__WHAT YOU HAVE TO DO__: Omit the images. Reproduce each line of the records exactly as it appears.

Start of DATA SHOWN

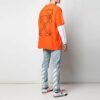 Camiseta oversize de manga corta con bordado de flechas abstractas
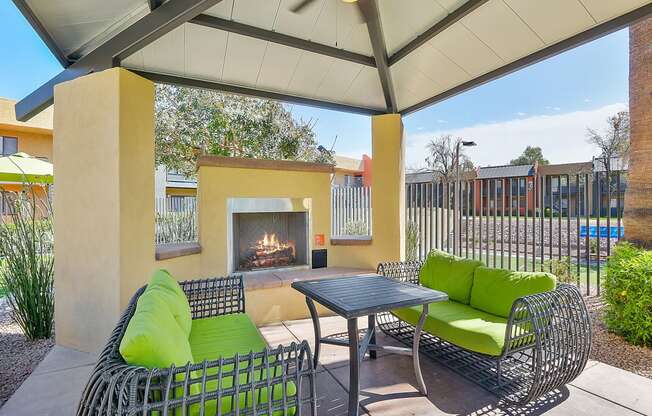 Outdoor fireplace and seating area under canopy at student apartments in Tempe, AZ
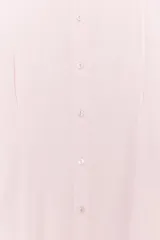 Camisa rosada de corte holgado, con cuello solapa, cierre frontal con botones y mangas cortas.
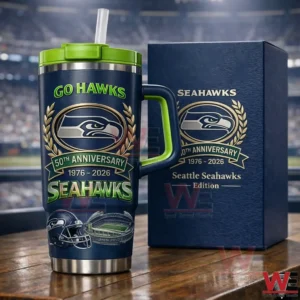 Dark blue and green Seattle Seahawks fiftieth anniversary insulated tumbler with handle and straw beside a matching collector edition box with a blurred stadium background!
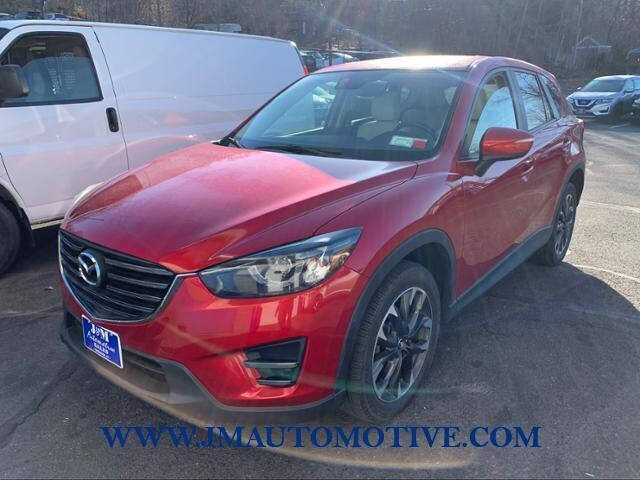 2016 Mazda CX-5 for sale at J & M Automotive in Naugatuck CT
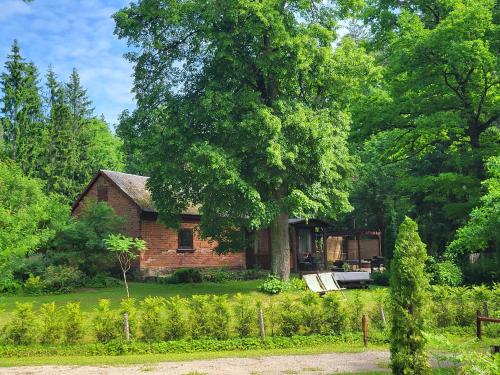 a brick house in the middle of a yard at LejasVāgneris in Tukums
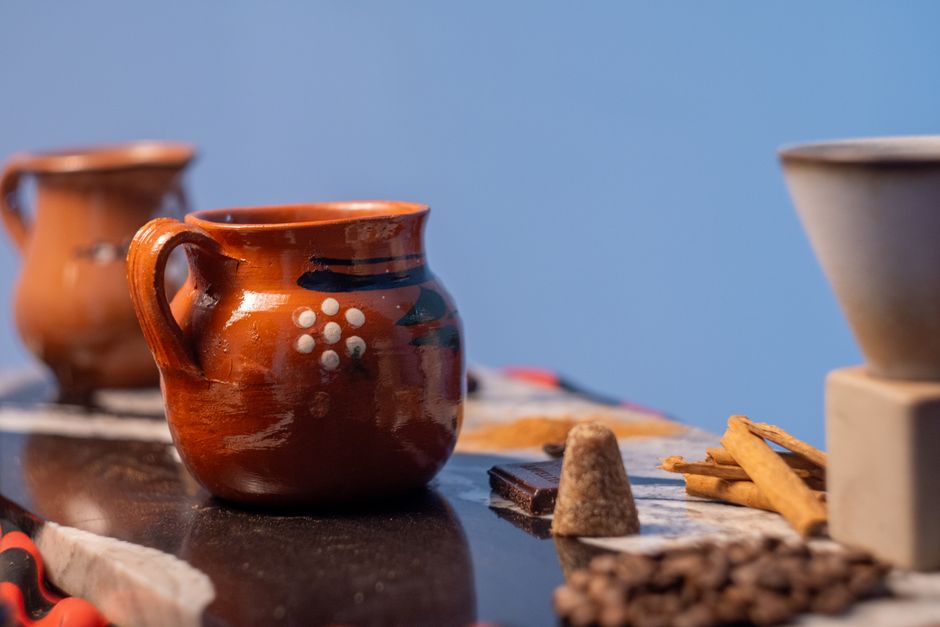 Close-up of traditional Mexican clay mugs with coffee and spices, showcasing cafe de olla.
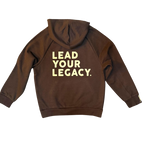 Product pic showcasing the back of the mocha and cream ultra heavyweight hoodie with the words LEAD YOUR LEGACY written boldly across the back. 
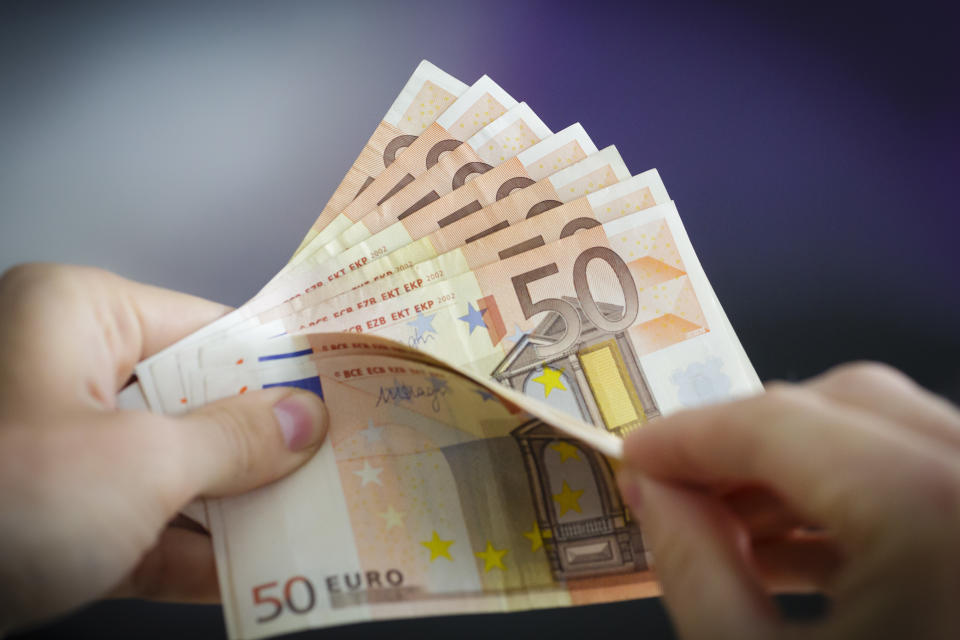 Berlin, Germany - August 03: In this Photo Illustration a person holds Euro banknotes on August 03, 2016 in Berlin, Germany. (Photo Illustration by Thomas Trutschel/Photothek via Getty Images)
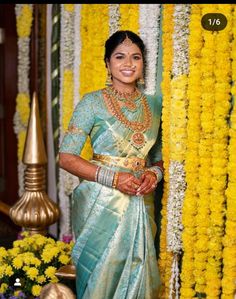 a woman in a blue and gold sari posing for the camera with yellow flowers behind her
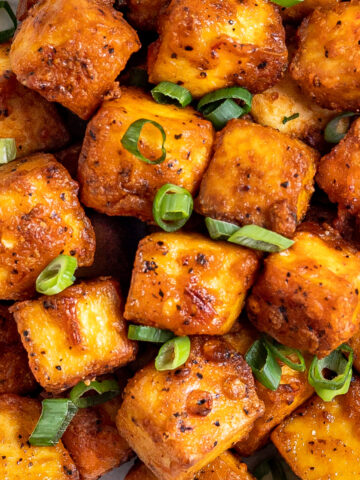 Crispy air fried tofu covered with sliced green onions.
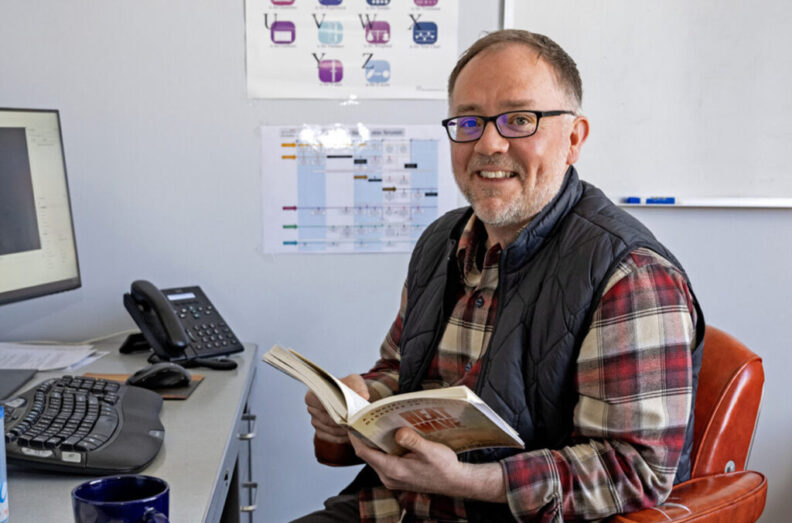 WSU professor Justin Denney sitting at a desk with an open book.
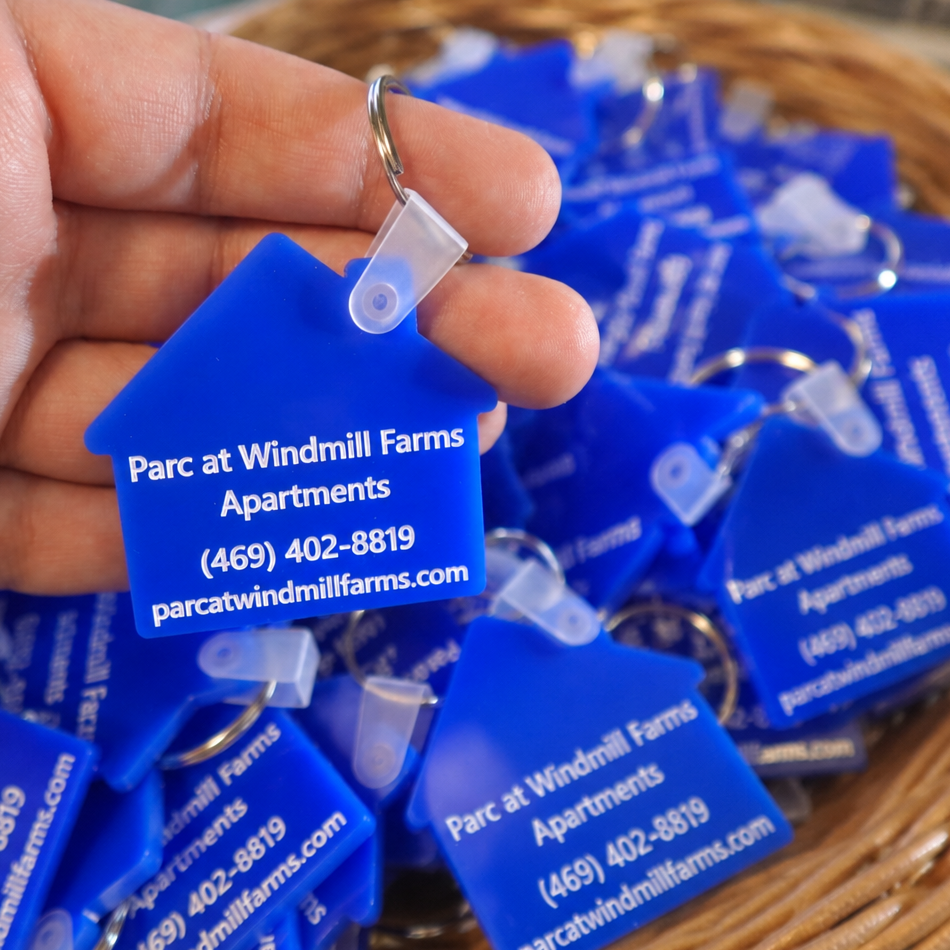 A hand holds a bright blue house-shaped keychain tag printed with the address and contact information for Parc at Windmill Farms Apartments. Multiple matching blue keychain tags are piled in a wicker basket in the background.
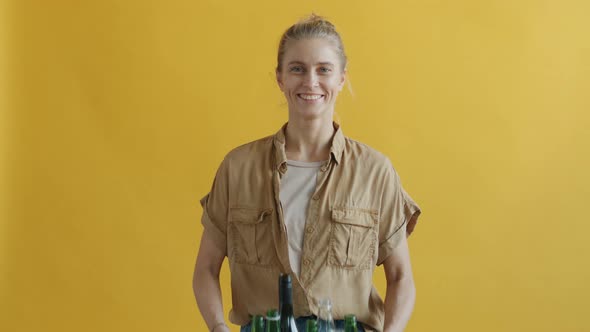 Portrait of Eco Activist Holding Box of Glass Bottles with Recycling Symbol alt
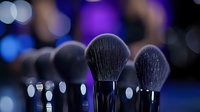 Professional makeup brushes on dark background with purple and blue bokeh lights creating luxurious cosmetic atmosphere for beauty industry advertising.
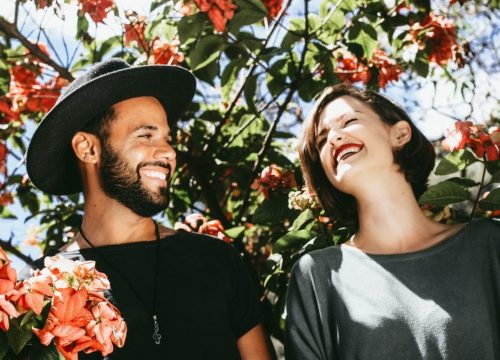 man and women smiling in nature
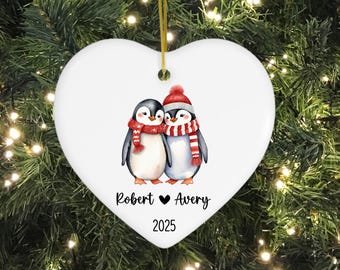 May include: White heart-shaped Christmas ornament featuring two penguins wearing scarves and hats. The ornament has the names "Robert" and "Avery" with a heart symbol, and the year "2025" printed on it. The ornament hangs from a gold string.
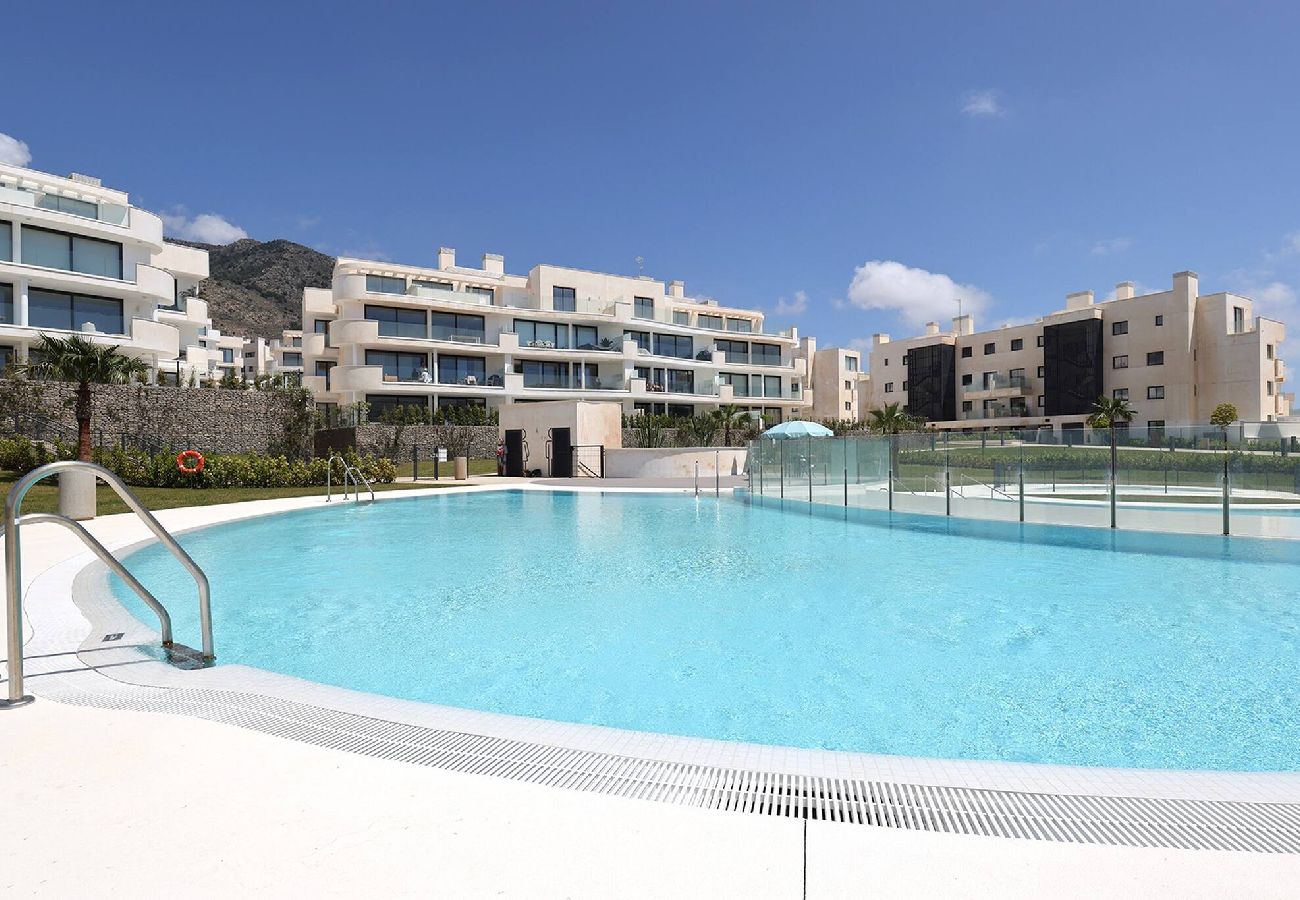 Apartment in Fuengirola - Modern El Higueron West Apt with Private Garden & BBQ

End of DATA SHOWN

__RESULT OF THIS TASK__:
 Camiseta oversize de manga corta con bordado de flechas abstractas
 Outdoor fireplace and seating area under canopy at student apartments in Tempe, AZ
 Camisa rosada de corte holgado, con cuello solapa, cierre frontal con botones y mangas cortas.
 Dark blue and green Seattle Seahawks fiftieth anniversary insulated tumbler with handle and straw beside a matching collector edition box with a blurred stadium background!
 2016 Mazda CX-5 for sale at J & M Automotive in Naugatuck CT
 a brick house in the middle of a yard at LejasVāgneris in Tukums
 Close-up of traditional Mexican clay mugs with coffee and spices, showcasing cafe de olla.
 Product pic showcasing the back of the mocha and cream ultra heavyweight hoodie with the words LEAD YOUR LEGACY written boldly across the back. 
 Berlin, Germany - August 03: In this Photo Illustration a person holds Euro banknotes on August 03, 2016 in Berlin, Germany. (Photo Illustration by Thomas Trutschel/Photothek via Getty Images)
 a woman in a blue and gold sari posing for the camera with yellow flowers behind her
 Crispy air fried tofu covered with sliced green onions.
 WSU professor Justin Denney sitting at a desk with an open book.
 A hand holds a bright blue house-shaped keychain tag printed with the address and contact information for Parc at Windmill Farms Apartments. Multiple matching blue keychain tags are piled in a wicker basket in the background.
 Portrait of Eco Activist Holding Box of Glass Bottles with Recycling Symbol alt
 Professional makeup brushes on dark background with purple and blue bokeh lights creating luxurious cosmetic atmosphere for beauty industry advertising.
 man and women smiling in nature
 May include: White heart-shaped Christmas ornament featuring two penguins wearing scarves and hats. The ornament has the names "Robert" and "Avery" with a heart symbol, and the year "2025" printed on it. The ornament hangs from a gold string.
 Apartment in Fuengirola - Modern El Higueron West Apt with Private Garden & BBQ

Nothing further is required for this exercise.